I’d never been in this part of Lincoln Center, and it’s definitely a cavernous, modern production facility. The scene design for this particular production was ornate but simple and breathtakingly beautiful. Sitting in the third row of the balcony at center stage, I loved being able to peer down to the pit orchestra and was delighted that a deliberate choice was made to prominently feature the pit orchestra during the overture. The musicians and music director were given their due time and as the orchestra wrapped up the opening, the stage moved forward, covering the pit and drawing your eye to a larger than life ship delivering Mrs. Anna and her son to the world of Siam. 
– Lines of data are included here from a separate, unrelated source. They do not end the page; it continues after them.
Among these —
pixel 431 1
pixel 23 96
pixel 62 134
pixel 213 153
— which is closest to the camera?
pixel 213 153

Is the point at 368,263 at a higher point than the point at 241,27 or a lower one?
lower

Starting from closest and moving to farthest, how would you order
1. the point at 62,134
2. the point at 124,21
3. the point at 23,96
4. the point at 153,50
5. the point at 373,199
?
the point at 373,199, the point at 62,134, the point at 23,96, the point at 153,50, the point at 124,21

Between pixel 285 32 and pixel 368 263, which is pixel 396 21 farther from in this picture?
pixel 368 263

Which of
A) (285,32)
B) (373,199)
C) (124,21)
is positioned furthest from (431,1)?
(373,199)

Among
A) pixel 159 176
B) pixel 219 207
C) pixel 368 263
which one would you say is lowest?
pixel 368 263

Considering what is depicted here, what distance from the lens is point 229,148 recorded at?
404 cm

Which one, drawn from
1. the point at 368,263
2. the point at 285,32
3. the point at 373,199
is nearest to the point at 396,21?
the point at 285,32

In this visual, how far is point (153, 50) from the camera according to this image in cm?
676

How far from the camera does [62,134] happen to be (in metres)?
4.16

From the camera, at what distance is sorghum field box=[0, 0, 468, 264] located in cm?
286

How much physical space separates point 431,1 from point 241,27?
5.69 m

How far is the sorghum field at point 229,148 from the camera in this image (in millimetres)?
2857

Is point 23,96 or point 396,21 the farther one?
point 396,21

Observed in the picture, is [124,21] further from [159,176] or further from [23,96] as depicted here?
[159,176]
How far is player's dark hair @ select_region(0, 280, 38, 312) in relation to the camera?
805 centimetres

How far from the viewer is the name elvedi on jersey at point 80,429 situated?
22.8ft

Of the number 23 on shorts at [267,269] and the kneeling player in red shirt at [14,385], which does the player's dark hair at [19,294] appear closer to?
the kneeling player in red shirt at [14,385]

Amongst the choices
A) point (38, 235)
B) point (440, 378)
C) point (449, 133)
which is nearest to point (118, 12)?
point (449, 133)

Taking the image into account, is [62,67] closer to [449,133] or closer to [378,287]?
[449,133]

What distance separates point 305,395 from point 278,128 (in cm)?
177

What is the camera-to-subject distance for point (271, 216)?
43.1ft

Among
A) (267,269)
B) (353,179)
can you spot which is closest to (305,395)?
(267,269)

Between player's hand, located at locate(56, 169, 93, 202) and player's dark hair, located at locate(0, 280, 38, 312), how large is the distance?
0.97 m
But that was it, that was the only “Broadway” spectacle to accompany this show. They got it out of the way tout de suite, wow’d us and then let the music, story and talented cast tell the story.  Honestly, while The King and I is not my favorite book or score I absolutely loved this revival and think it’s a show worth seeing for a number of reasons. 

1. Kelli O’Hara

2. Kelli O’ Hara

3. Kelli O’Hara

Just kidding. 

But SHE IS the number one reason to see this show. Hands down. More on that in PART 3: A RAVE.

Go see The King and I for the exquisitely staged and performed “Shall We Dance” that will bring tears to the eyes of even the most hardened critics. See The King and I for Ruthie Ann Miles’s heartbreaking portrayal of Lady Thiang—(and I was a tough critic here—I was, after all,  pulling for Sydney Lucas to win the Tony Award for supporting actress in a musical) but damn, Ruthie Ann Miles, DAMN. This girl found a dimensionality to a character I didn’t know existed and that voice-that voice will give you chills. 
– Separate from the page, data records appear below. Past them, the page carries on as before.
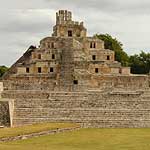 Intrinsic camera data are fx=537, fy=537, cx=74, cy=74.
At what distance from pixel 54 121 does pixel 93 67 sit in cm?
1647

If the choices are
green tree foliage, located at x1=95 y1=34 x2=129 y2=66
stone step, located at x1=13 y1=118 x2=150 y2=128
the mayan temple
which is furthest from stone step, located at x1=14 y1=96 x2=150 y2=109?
green tree foliage, located at x1=95 y1=34 x2=129 y2=66

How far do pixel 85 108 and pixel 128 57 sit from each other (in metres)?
42.3

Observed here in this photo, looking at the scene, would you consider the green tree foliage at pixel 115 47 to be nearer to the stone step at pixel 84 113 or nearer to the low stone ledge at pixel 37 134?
the stone step at pixel 84 113

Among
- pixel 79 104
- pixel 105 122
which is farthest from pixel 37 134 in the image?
pixel 79 104

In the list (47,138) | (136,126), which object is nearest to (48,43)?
(136,126)

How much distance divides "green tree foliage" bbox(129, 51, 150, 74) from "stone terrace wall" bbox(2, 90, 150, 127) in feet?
121

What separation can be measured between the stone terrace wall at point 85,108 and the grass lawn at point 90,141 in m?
3.26

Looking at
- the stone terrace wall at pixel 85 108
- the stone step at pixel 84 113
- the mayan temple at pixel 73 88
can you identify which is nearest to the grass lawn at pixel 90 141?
the stone terrace wall at pixel 85 108

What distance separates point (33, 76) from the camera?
50.3 metres

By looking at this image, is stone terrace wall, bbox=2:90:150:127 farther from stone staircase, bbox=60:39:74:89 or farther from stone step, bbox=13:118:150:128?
stone staircase, bbox=60:39:74:89

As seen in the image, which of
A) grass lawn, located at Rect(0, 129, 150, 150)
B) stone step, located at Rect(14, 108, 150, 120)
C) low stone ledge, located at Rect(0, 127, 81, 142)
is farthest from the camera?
stone step, located at Rect(14, 108, 150, 120)

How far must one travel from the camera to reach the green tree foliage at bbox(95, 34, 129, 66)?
245 ft

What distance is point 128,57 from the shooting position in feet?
257

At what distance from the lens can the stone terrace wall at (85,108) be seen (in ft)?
116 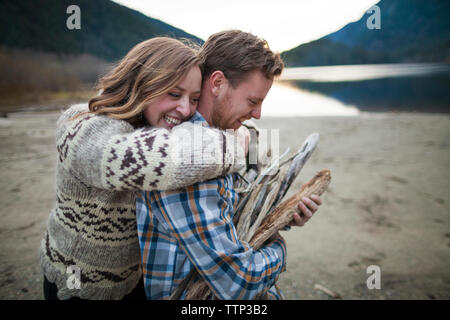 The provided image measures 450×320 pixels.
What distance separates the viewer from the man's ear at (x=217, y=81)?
1.82 m

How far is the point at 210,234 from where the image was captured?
44.1 inches

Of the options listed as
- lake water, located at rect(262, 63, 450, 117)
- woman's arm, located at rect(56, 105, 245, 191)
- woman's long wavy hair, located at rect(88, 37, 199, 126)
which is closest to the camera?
woman's arm, located at rect(56, 105, 245, 191)

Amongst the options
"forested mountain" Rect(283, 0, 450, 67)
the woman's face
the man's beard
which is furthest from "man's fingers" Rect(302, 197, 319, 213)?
"forested mountain" Rect(283, 0, 450, 67)

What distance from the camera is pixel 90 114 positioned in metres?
1.31

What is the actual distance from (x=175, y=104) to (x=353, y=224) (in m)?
3.98

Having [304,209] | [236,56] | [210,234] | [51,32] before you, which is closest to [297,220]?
[304,209]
See The King and I for the new king, Hoon Lee, who made me snort in a disgustingly undesirable way with his subtle humor and comedic portrayal of the character of the King of Siam. Go see The King and I for the ridiculously adorable children who knew how to stop the show and trigger an ache in my ovaries with their cuteness but also how to shut the heck up and be part of the brilliant and meticulous staging. (Looking at you, Buncha Crunch, looking at you!)  Get to Lincoln Center to see The King and I for the smart dialogue that is more than space filler between songs and is brilliantly acted by a triple threat cast. 

Finally, go see The King and I to support the brave director who didn’t stoop to fireworks and helicopters and flying carpets onstage to hold up a story but let an immense empty stage and a cast of 1,489 people be the set, story and storytellers in a simple and breathtaking way.  

Finally: A RAVE

I’ve never seen Kelli O’Hara onstage. I’ve heard of her, listened to her beautiful singing voice and know how well respected and loved she is in the community but dear God, after seeing her onstage, I’m on the O’Hara bandwagon big time.

Here’s why. I’ve seen a number of shows on Broadway that need to close. That have been running too long, that feel rote and mechanical and phoned in. I’ve no doubt that eight performances a week multiplied by seven months to a year to two years to three years to Chicago will tire an actor endlessly, but here’s the thing—it’s an actor’s job not to appear tired. It’s your job to convince the audience that this is the very first time you’re telling this story and they’re the very first audience to be privy to this piece of work and that is the beauty of live theatre and that is the privilege you have as a working actor. That is a privilege that millions of other people would like to have SO HONOR THAT. Kelli O’Hara is a beautiful example of this. She performed for this audience of a less than a desirable number as if it was opening night.